All 55 delegates to the 1787 Constitutional Convention were “incisive political scientists steeped in history,” as Merritt describes them, who understood that demagogues are the “singular poison” that kills republics and democracies.
Alexander Hamilton warned in Federalist No. 1 against these poisonous types by describing them as ambitious, unscrupulous orators who “have begun their career by paying an obsequious court to the people,” and then rise to power on “angry and malignant passions, the bitterness of their invectives,” as well as their “avarice, personal animosity, and party opposition.” To read Hamilton’s words now is to marvel at how accurately he has described our former president.
George Mason, a Virginian known in history for his belief in the rule of reason, the Enlightenment, and the natural rights of man, was a strong advocate of the Constitution’s impeachment powers for two crucial reasons. One was the “fallibility” of electors, or voters – meaning that people might be seduced by and elect a demagogue – and the other that whoever is elected might turn out to be “corrupt,” and therefore needed to be removed.
James Madison, our fourth president and “Father of the Constitution,” was concerned about placing too much power in the hands of one man. In his view, chances of a president being incompetent or corrupt was “more within the compass of probable events” than not, and Madison not only endorsed impeachment and conviction, but famously stated, “Shall any man be above justice?”
All of the Founders at the Constitutional Convention were like-minded when it came to the importance of virtuous leadership. They extolled ethical leadership as the “glue that holds a constitutional republic together.” Alexander Hamilton wanted checks and balances so “men of little character” or those “who love power” were kept from office. Benjamin Franklin highlighted the need for “wise and good men.” He urged protections in the Constitution that would prevent the “bold and the violent. The men of strong passions and indefatigable activity in their selfish pursuits” from ascending to the presidency. George Mason focused on ways that government could check and counteract the “aspiring views of dangerous and ambitious men.”
In no uncertain terms, the founding fathers were of one mind in believing that a constitutional republic must, as Merritt phrases it, “through carefully designed systems and the power of impeachment, conviction and disqualification,” keep out of office those who are “corrupt and unworthy, designing, and/or demagogues.”
Merritt asks what “has happened to us today, to our ethics, our standards of presidential decorum and leadership, to our fidelity to the Constitution and belief in justice, to our political courage and historical understanding of the dangers of demagogues to democracies,” for there to be even a chance that the Senate will acquit Mr. Trump?

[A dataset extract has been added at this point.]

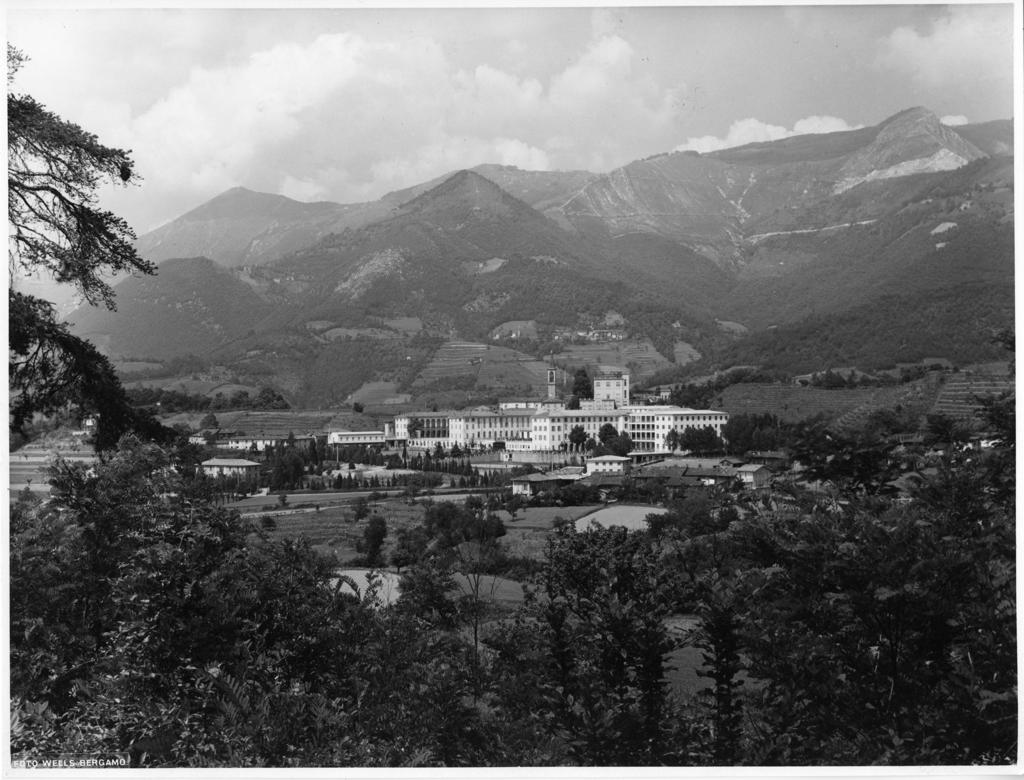 Collegio Celana di Caprino Bergamasco · Historify
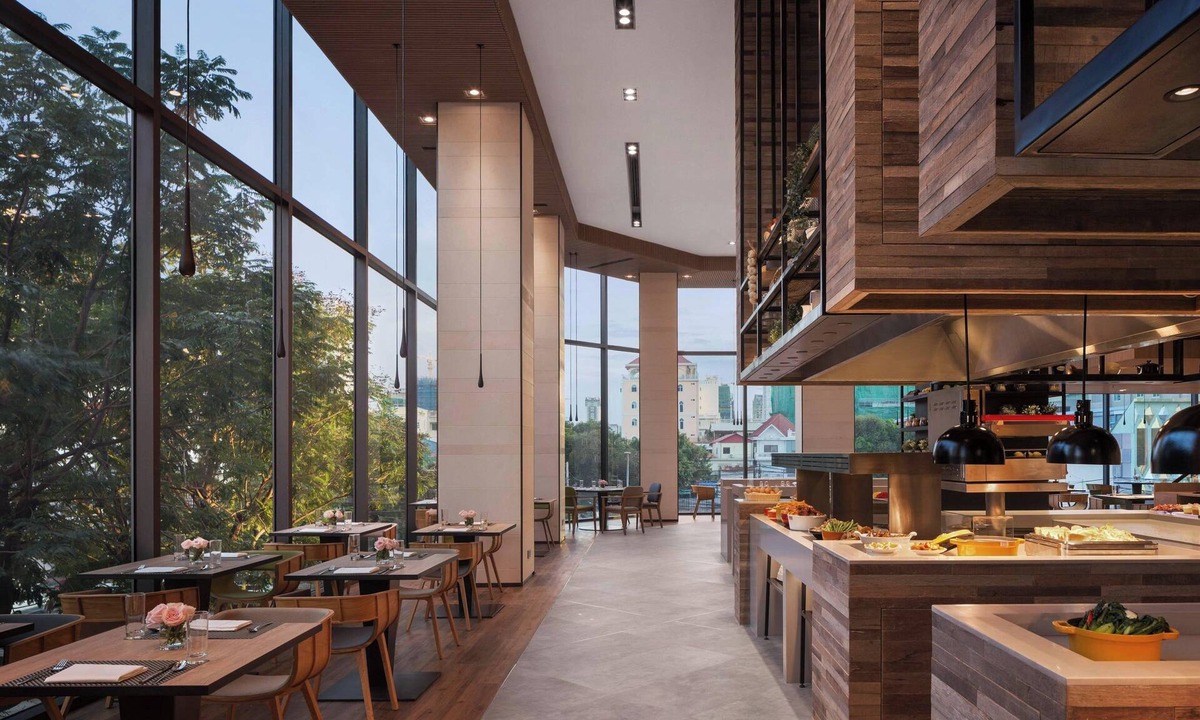 Phnom Penh City Centre Hotel | Courtyard by Marriott Phnom Penh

I can understand why the congressional Republicans feel the pressure to appease those who believe the Big Lie because they want to save their own skins, but I don’t understand how the ones who say Trump speaks for them or those who rally around him as if he were the annointed, can ignore the reality of Trump’s campaign to subvert our government.
Clearly, there are ethical Republicans. But are there enough of them in the U.S. Senate?
Ursula Carlson, Ph.D., is professor emerita at Western Nevada College.